Kapan membunyikan alarm

Jika kerak pada puting Anda jarang muncul, jumlahnya sedikit dan tidak disertai dengan gejala yang tidak menyenangkan, maka jangan khawatir. Meskipun tidak keluar dari tempat untuk mengunjungi dokter dan menjalani pemeriksaan untuk menenangkan diri.

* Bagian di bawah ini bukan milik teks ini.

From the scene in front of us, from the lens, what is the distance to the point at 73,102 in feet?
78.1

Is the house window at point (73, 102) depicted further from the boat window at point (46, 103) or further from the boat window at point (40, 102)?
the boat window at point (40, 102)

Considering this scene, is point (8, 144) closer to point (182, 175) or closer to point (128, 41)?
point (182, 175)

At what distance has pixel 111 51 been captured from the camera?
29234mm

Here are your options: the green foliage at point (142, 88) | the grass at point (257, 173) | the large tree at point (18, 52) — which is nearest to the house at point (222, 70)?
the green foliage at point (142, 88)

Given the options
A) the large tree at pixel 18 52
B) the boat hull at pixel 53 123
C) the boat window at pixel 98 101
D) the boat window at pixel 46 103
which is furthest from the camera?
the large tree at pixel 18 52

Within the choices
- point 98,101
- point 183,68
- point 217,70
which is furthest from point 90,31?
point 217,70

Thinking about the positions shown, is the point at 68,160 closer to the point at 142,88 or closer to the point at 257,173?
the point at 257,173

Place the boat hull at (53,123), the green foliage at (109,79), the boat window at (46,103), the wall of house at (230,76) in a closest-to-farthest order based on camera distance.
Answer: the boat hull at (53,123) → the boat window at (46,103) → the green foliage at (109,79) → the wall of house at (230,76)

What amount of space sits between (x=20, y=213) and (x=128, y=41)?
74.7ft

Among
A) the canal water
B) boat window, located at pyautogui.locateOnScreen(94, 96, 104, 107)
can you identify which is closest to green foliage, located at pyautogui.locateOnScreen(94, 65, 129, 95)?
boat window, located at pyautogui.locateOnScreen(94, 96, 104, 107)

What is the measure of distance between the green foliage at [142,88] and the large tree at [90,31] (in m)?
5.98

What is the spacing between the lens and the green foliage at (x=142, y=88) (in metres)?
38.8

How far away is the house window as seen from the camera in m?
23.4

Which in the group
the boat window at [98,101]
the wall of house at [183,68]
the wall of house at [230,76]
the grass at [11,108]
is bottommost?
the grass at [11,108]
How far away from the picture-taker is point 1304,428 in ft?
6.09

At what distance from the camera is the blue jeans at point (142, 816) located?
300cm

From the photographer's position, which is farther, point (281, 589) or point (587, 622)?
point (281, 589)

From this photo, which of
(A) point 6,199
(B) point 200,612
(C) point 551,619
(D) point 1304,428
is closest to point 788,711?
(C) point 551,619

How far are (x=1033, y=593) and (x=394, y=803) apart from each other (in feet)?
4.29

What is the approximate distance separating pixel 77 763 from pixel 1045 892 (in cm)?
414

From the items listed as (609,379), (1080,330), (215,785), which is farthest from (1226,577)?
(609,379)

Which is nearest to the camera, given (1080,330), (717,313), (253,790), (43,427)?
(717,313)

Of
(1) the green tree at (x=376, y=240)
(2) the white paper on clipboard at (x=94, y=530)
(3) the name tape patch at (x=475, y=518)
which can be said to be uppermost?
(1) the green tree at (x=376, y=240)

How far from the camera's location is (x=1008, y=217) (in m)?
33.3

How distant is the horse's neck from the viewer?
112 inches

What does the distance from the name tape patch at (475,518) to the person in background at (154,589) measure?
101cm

Jika seiring dengan munculnya kerak tanda-tanda lain terjadi, maka Anda harus mulai bertindak segera dan mencari tahu penyebab patologi..

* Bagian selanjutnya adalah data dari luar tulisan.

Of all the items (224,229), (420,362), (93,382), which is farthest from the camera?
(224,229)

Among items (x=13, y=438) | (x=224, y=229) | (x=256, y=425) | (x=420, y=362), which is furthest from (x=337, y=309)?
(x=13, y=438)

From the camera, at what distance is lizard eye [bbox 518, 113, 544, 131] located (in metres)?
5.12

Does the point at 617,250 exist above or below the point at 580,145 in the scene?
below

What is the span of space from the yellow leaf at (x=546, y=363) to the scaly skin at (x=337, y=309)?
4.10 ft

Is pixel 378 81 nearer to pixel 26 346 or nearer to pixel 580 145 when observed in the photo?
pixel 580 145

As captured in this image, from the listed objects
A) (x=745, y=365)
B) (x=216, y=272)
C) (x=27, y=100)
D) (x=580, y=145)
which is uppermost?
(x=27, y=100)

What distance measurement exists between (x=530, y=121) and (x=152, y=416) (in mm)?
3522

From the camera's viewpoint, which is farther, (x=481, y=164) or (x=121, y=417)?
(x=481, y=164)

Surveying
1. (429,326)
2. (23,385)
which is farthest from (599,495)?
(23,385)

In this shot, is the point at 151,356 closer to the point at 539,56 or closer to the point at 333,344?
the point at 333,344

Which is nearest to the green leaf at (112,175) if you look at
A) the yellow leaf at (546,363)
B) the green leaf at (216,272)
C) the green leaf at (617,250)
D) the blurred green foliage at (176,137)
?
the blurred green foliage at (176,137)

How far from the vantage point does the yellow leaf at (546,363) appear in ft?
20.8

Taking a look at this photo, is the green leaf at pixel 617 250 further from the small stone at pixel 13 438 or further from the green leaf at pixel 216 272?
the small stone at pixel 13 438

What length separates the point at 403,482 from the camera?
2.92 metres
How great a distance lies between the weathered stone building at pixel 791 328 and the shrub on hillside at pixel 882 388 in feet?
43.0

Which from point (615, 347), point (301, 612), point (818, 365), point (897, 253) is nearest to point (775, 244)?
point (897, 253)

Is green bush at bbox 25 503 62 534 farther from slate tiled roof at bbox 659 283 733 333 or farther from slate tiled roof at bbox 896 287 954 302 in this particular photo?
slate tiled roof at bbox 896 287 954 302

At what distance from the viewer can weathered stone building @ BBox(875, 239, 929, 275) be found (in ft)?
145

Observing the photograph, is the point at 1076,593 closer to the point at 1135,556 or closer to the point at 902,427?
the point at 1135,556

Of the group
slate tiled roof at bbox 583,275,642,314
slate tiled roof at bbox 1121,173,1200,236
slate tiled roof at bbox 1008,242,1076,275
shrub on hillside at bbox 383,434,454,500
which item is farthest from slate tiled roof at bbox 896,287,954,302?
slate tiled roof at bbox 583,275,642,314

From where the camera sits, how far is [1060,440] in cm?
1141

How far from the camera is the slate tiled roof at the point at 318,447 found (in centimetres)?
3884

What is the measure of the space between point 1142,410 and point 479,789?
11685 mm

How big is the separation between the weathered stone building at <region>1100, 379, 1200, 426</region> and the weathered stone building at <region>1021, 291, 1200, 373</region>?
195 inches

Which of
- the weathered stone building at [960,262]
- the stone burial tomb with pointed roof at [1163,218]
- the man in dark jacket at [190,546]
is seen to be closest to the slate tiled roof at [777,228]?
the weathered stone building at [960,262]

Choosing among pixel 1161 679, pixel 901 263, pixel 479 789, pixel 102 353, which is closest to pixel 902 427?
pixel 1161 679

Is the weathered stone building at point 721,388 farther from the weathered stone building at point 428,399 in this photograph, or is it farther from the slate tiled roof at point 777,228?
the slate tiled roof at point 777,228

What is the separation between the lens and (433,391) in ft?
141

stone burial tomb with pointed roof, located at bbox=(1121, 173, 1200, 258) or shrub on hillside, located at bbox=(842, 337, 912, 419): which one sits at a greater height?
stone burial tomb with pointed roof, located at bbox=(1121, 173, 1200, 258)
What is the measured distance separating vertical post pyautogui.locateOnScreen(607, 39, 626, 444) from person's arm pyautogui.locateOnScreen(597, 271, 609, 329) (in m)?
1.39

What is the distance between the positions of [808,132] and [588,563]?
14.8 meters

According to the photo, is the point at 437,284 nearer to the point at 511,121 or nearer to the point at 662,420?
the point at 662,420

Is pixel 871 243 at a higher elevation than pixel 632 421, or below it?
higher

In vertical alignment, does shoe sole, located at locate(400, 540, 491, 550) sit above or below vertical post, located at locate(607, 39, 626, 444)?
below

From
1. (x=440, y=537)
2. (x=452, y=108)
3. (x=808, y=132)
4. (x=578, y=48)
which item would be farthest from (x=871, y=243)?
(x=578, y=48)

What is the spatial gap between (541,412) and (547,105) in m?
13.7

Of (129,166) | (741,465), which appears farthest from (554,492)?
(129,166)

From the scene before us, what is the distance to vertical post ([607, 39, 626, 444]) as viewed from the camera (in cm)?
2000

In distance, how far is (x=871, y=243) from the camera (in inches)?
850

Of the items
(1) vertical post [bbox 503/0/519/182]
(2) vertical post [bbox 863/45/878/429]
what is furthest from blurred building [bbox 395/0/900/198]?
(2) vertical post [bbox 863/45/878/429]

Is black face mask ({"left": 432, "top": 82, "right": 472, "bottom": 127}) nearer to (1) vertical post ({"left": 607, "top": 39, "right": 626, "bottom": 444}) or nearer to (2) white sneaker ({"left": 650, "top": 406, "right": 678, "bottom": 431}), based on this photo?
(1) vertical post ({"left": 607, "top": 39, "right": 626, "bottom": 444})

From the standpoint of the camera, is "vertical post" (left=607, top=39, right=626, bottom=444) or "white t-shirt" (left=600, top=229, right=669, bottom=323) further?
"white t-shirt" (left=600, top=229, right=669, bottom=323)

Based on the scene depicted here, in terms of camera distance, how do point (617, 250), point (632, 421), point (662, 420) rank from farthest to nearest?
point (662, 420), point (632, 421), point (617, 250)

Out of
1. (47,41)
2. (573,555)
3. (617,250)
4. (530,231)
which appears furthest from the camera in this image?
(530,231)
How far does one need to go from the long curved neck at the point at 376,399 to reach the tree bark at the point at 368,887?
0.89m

Gejala-gejala berikut harus sangat waspada:

  • nyeri dada
  • pembengkakan kelenjar getah bening
  • hiperemia
  • bengkak dan kemerahan
  • segel teraba
  • keluarnya patologis di luar periode laktasi
  • malfungsi siklus menstruasi dan manifestasi lain dari gangguan hormonal (misalnya, menstruasi yang terlalu menyakitkan dan berkepanjangan atau ketidakhadiran mereka)
  • kemunduran umum

Bagaimana mengatasi masalah tersebut

Solusi untuk masalah harus bergantung pada penyebab yang menyebabkannya dan ditujukan untuk menghilangkannya. Dan hanya mammologist yang dapat mengidentifikasi penyimpangan, menilai kondisi kelenjar susu dan meresepkan perawatan yang kompeten. Dia akan menunjuk pemeriksaan, yang meliputi pemeriksaan dan pemeriksaan kerak untuk menentukan komposisi mereka, tes darah untuk berbagai hormon (estrogen, prolaktin, progesteron, triiodothyronine), mamografi dan USG, biopsi.

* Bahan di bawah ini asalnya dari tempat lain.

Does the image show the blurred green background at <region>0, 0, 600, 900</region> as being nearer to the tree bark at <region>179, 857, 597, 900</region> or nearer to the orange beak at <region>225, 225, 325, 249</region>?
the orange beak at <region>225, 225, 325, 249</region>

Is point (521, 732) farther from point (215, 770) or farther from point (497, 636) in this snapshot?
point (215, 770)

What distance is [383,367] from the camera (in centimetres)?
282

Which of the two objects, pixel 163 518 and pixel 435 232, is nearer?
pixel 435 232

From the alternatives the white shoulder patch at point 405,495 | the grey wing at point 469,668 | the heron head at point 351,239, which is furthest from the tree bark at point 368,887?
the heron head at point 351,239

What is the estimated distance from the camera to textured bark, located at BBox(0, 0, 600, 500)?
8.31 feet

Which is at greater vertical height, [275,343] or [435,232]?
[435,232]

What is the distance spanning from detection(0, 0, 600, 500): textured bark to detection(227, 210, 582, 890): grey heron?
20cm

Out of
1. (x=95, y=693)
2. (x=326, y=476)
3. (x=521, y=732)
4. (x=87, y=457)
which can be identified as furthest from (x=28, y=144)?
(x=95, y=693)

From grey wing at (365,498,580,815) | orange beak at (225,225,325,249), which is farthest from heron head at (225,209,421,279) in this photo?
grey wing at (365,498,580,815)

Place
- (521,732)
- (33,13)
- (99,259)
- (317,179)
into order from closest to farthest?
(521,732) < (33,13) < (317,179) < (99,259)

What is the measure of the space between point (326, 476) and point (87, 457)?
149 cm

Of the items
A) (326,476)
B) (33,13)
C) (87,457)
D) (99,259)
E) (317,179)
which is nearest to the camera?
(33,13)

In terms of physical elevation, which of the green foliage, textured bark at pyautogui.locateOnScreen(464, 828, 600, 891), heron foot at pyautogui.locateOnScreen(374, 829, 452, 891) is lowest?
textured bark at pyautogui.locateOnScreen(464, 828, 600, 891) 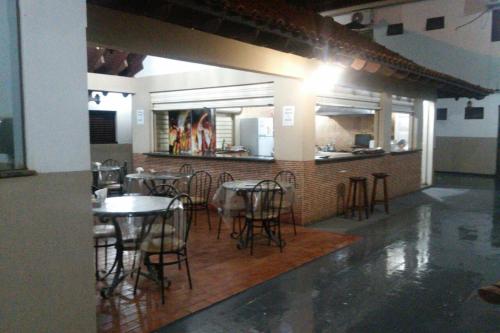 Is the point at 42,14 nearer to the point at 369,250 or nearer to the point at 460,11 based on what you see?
the point at 369,250

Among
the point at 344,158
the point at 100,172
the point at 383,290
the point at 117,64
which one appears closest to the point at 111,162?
the point at 100,172

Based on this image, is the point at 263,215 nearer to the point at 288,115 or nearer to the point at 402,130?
the point at 288,115

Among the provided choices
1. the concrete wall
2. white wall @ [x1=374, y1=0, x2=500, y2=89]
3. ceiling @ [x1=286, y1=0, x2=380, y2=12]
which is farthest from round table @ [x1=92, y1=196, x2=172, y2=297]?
white wall @ [x1=374, y1=0, x2=500, y2=89]

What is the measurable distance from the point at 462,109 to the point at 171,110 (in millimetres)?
10406

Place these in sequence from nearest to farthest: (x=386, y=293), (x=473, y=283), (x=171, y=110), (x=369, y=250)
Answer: (x=386, y=293)
(x=473, y=283)
(x=369, y=250)
(x=171, y=110)

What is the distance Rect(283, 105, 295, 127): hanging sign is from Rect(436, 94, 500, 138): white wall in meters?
9.79

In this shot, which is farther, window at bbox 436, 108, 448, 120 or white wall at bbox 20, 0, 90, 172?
window at bbox 436, 108, 448, 120

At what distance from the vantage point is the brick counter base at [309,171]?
6.77 meters

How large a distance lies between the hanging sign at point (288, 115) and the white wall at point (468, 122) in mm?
9790

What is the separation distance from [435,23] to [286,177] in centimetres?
840

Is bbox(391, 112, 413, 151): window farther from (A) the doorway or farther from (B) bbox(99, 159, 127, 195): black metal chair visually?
(B) bbox(99, 159, 127, 195): black metal chair

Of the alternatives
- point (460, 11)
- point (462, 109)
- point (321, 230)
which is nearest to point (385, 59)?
point (321, 230)

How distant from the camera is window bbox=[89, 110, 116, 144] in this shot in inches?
445

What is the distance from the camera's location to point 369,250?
18.0 ft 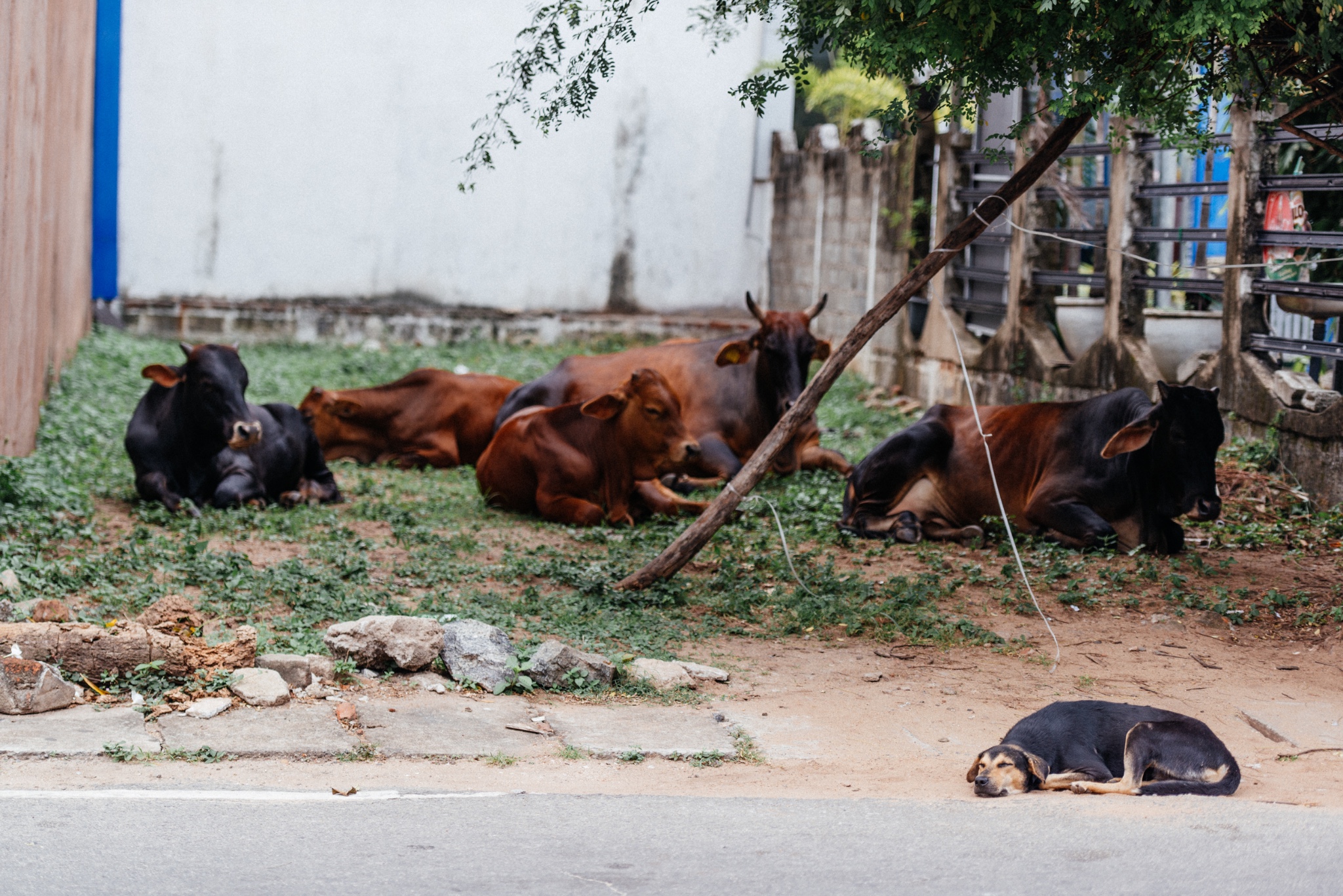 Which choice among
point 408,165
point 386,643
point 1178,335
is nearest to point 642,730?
point 386,643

Jika penyakit dan gangguan terdeteksi, rejimen pengobatan akan dikembangkan. Jadi, dengan gangguan hormon, biasanya dianjurkan untuk meminum obat hormon yang dipilih dengan cermat. Dengan mastopati, obat-obatan berdasarkan hormon atau zat lain yang berasal dari tanaman diresepkan.

Penyakit dermatologis memerlukan perawatan, yang mungkin termasuk penggunaan regenerasi lokal, obat antiinflamasi dan pelembab. Neoplasma yang tumbuh pesat dan signifikan harus dihilangkan. Penyakit endokrin membutuhkan perawatan tepat waktu yang kompleks.

Tindakan pencegahan

Untuk menghindari munculnya kerak pada puting susu, Anda harus mengikuti beberapa aturan pencegahan:

  1. Ikuti kesehatan Anda dan kunjungi mammologist secara teratur. Pemeriksaan dan mammogram harus dilakukan setahun sekali atau lebih sering di hadapan ancaman atau penyakit yang ada..
  2. Ikuti aturan kebersihan pribadi: mandilah secara teratur dan ganti pakaian dalam Anda.
  3. Lakukan pemeriksaan independen secara teratur: selidiki payudara dengan hati-hati, bergerak dalam lingkaran dari pusat ke zona perifer.
  4. Pimpin gaya hidup sehat: makan dengan benar, coba bergerak, hindari stres dan kerja keras, hentikan kebiasaan buruk, jalani kehidupan seks.
  5. Mengambil kontrasepsi oral dan obat hormonal lainnya atas saran dokter dan hanya di bawah pengawasannya yang konstan. Jika gejala tidak menyenangkan muncul, Anda kemungkinan besar harus berhenti minum.
  6. Pantau kondisi kulit payudara, jika perlu, pelembabkan secara tepat waktu.
  7. Jika Anda memiliki gangguan endokrin, maka pantau kondisi Anda, amati dinamika perkembangannya, kunjungi dokter dan ikuti semua rekomendasi yang diberikan kepada mereka..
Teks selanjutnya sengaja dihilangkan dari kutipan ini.